Pulp can produce OpenTelemetry data, like the number of requests, active connections and latency response for pulp-api and pulp-content using OpenTelemetry. You can read more about OpenTelemetry here.


This feature is provided as a tech preview and could change in backwards incompatible ways in the future.

If you are using Pulp in One Container or Pulp Operator and want to enable it, you will need to set the following environment variables:

  • PULP_OTEL_ENABLED set to True.
  • OTEL_EXPORTER_OTLP_ENDPOINT set to the address of your OpenTelemetry Collector instance ex. http://otel-collector:4318.
  • OTEL_EXPORTER_OTLP_PROTOCOL set to http/protobuf.

If you are using other type of installation maybe you will need to manually initialize Pulp using the OpenTelemetry automatic instrumentation and set the following environment variables:

  • OTEL_EXPORTER_OTLP_ENDPOINT set to the address of your OpenTelemetry Collector instance ex. http://otel-collector:4318.
  • OTEL_EXPORTER_OTLP_PROTOCOL set to http/protobuf.


A quick example on how it would run using this method:

/usr/local/bin/opentelemetry-instrument --service_name pulp-api /usr/local/bin/pulpcore-api \
--bind "" --name pulp-api --workers 4 --access-logfile -

You will need to run an instance of OpenTelemetry Collector. You can read more about the OpenTelemetry Collector here.

At the moment, the following data is recorded by Pulp:

  • Access to every API endpoint (an HTTP method, target URL, status code, and user agent).
  • Access to every requested package (an HTTP method, target URL, status code, and user agent).
  • Disk usage within a specific domain (total used disk space and the reference to the domain).

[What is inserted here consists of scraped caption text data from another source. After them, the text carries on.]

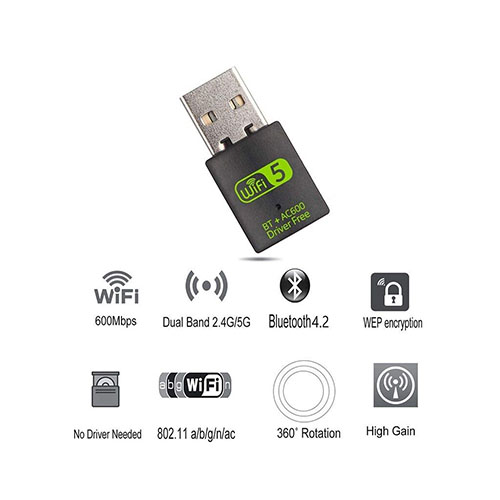 600Mbps Dual Band WiFi + Bluetooth Adapter For PC/Laptop- (CD Free Version, WiFi Hotspot Supported, 2.4GHz + 5GHz)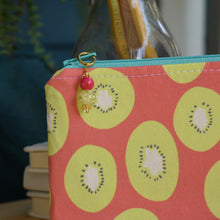 Load image into Gallery viewer, Organic Cotton Zippy Pouch Kiwis on Coral
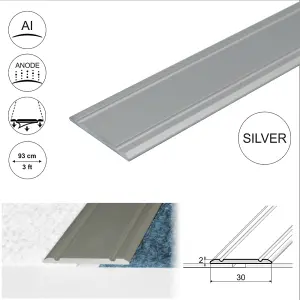 A02 930mm x 30mm 2.7mm Anodised Aluminium Flat Self Adhesive Door Threshold Strip - Silver, 0.93m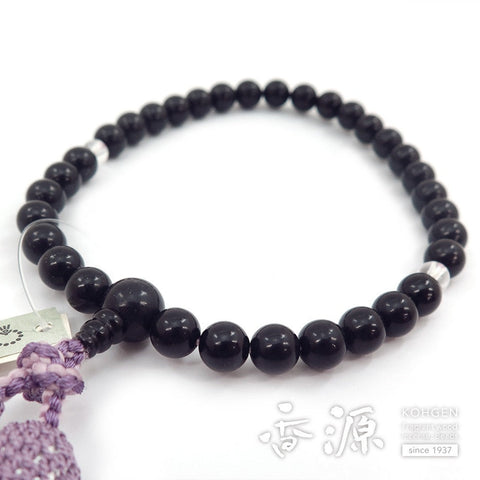 Women's Prayer Beads, Jet, 7mm Bead, Crystal Finish, Purple Tassel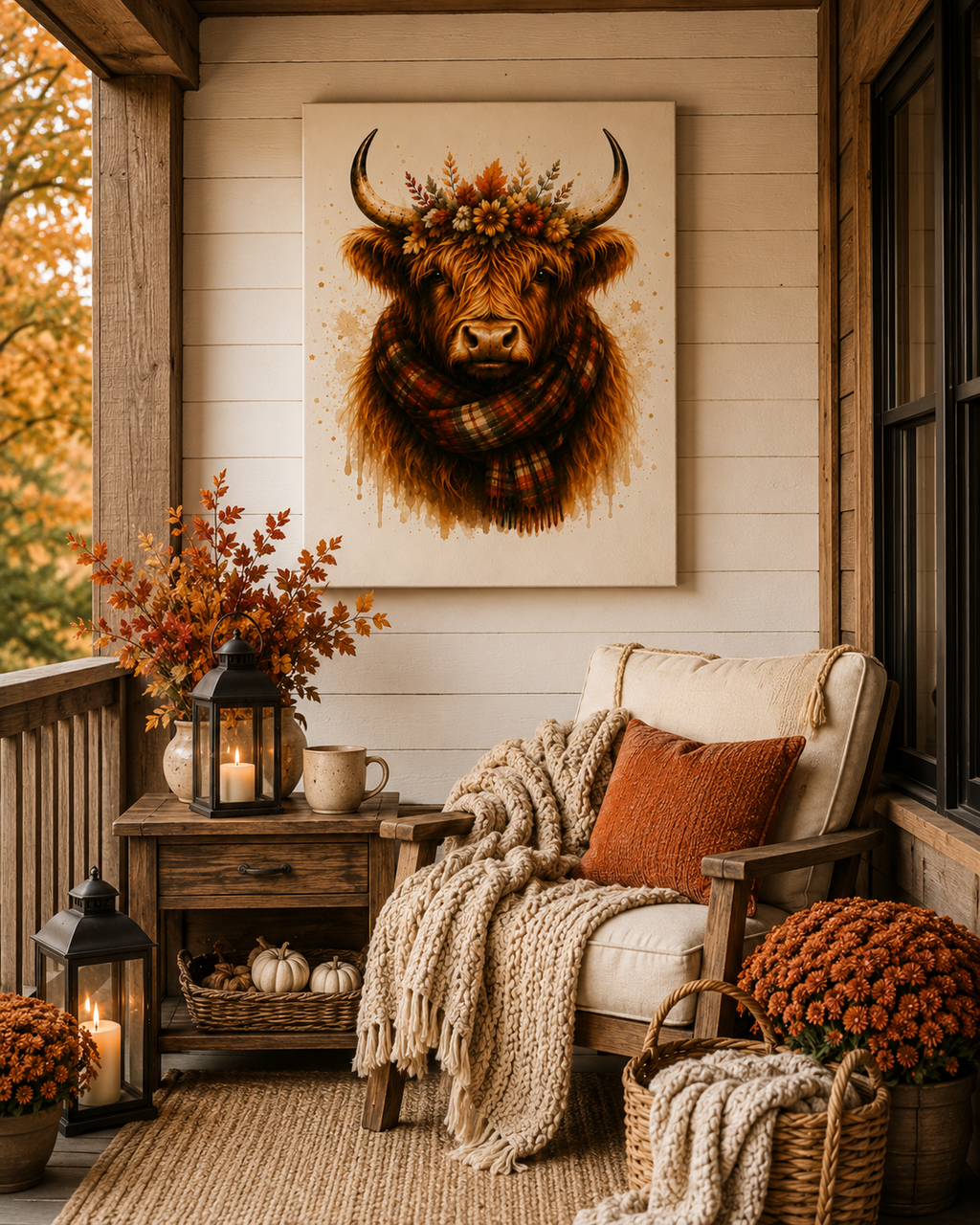 Autumn Highland Cow Canvas Wall Art — Plaid Scarf & Floral Crown Matte Stretched Canvas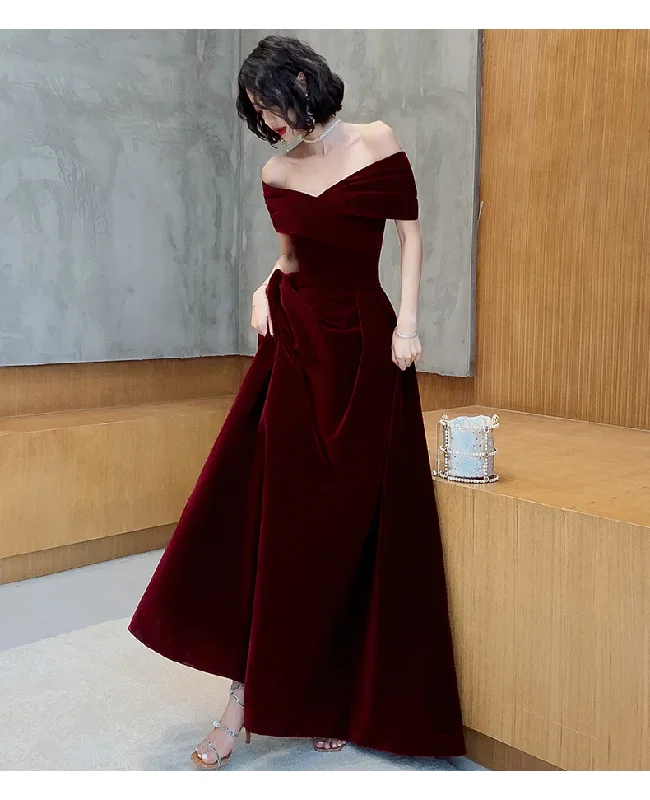 Exclusive Preview Burgundy Velvet Off Shoulder  A-Line Long Prom Dress, DP2076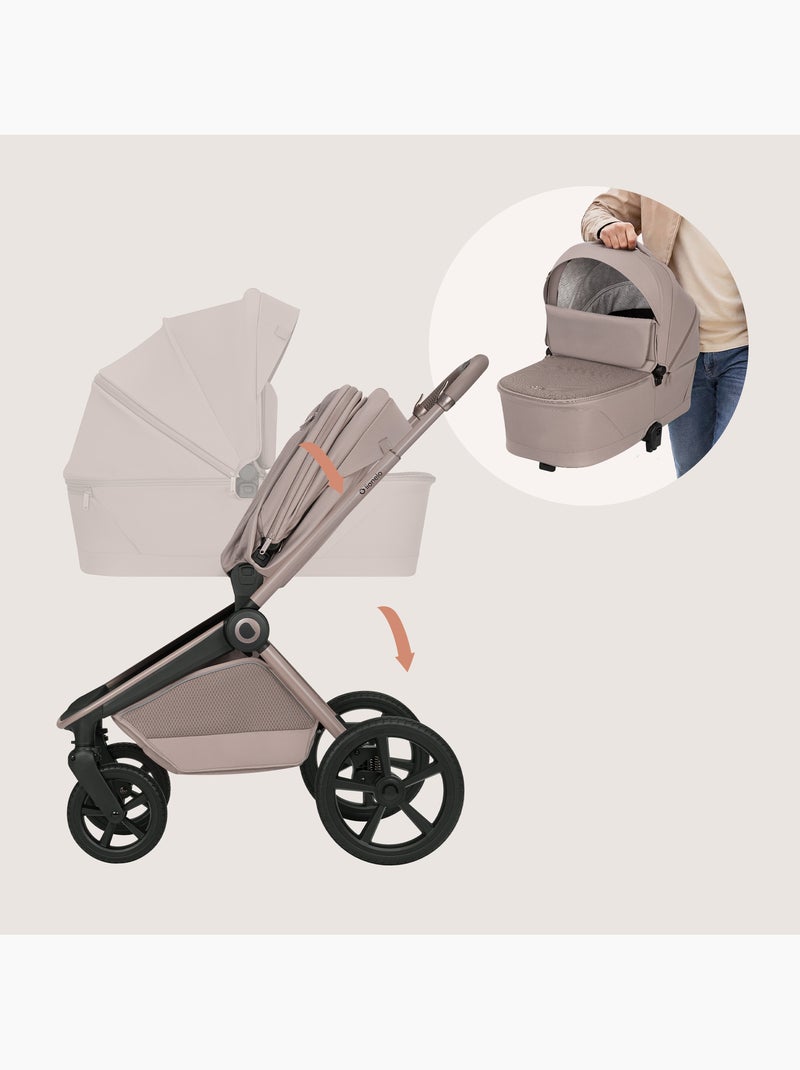 Poussette 3 en 1 LIONELO Freya - Nacelle - Siège auto - - Habillage pluie Beige - Kiabi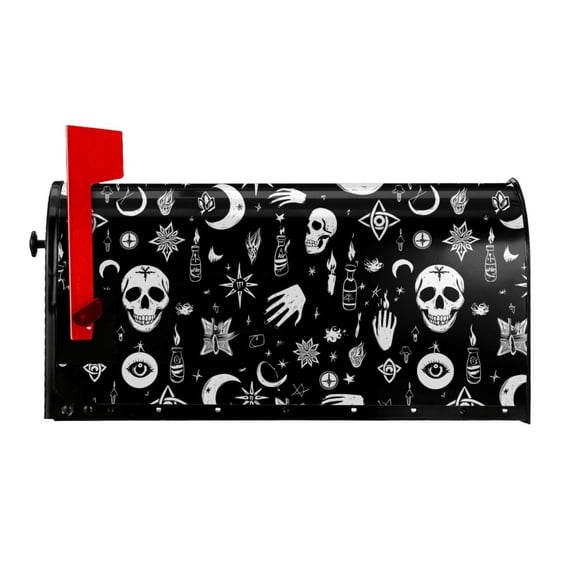 Waterproof Mailbox Set Double Consistent Sunscreen Reusable Waterproof Fade Resistant Durable Easy To Assemble Retro Skull Head 25.5x21 In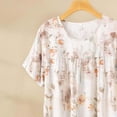 thumbnail image 4 of Chemise de Nuit pour Femmes, Manches Courtes à Col Rond Imprimé, Robe d'Allaitement, Rayonne Spandex Douce, Robe de Détente Longueur Genou, 4 of 5
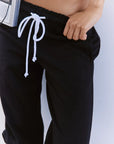 Flutter Cropped Jogger (Black)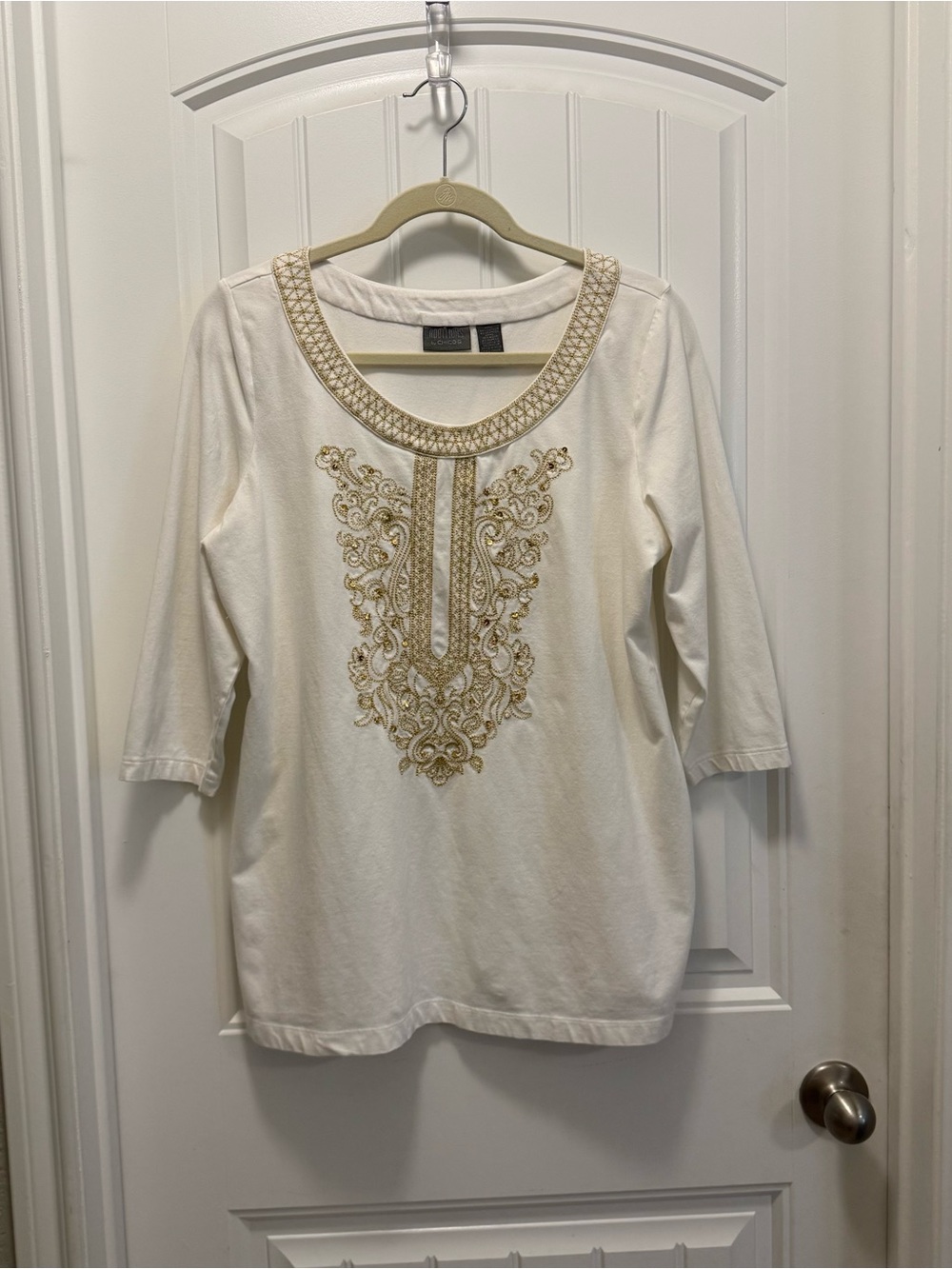 Chicos White Pullover Tunic Top Gold Embroidery 3/4 Sleeve Scoop Neck Boho Sz 2
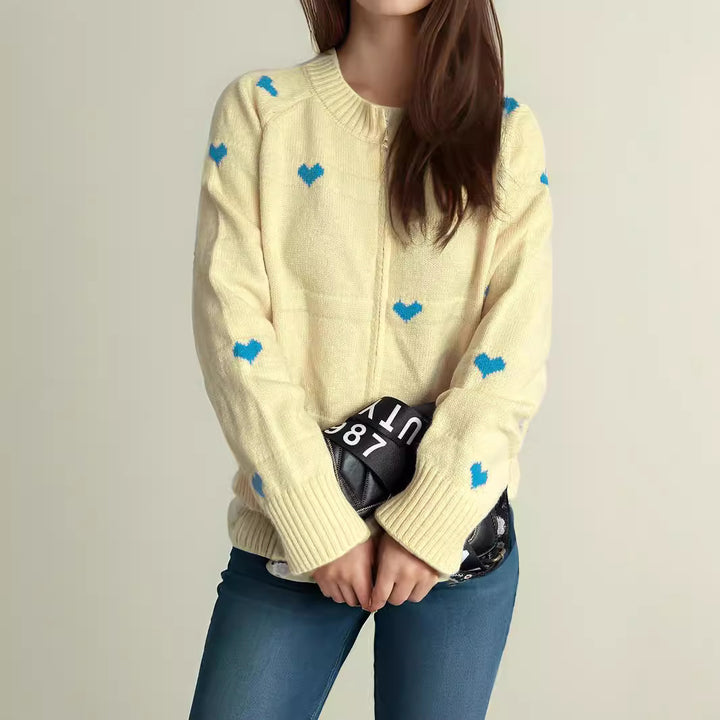 Damen Strickjacke mit Herzmotiv und modernem Reißverschluss Drune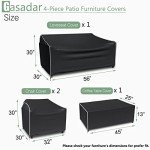 Waterproof 4-Piece Patio Furniture Cover Set - Black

The information above is sent to the collector in the form of spans and metrics. Thus, the data is emitted either based on the user interaction with the system or on a regular basis. Consult OpenTelemetry Traces and OpenTelemetry Metrics to learn more.


It is highly recommended to set the OTEL_METRIC_EXPORT_INTERVAL environment variable to 300000 (5 minutes) to reduce the frequency of queries executed on the Pulp's backend. This value represents the interval between emitted metrics and should be set before runtime.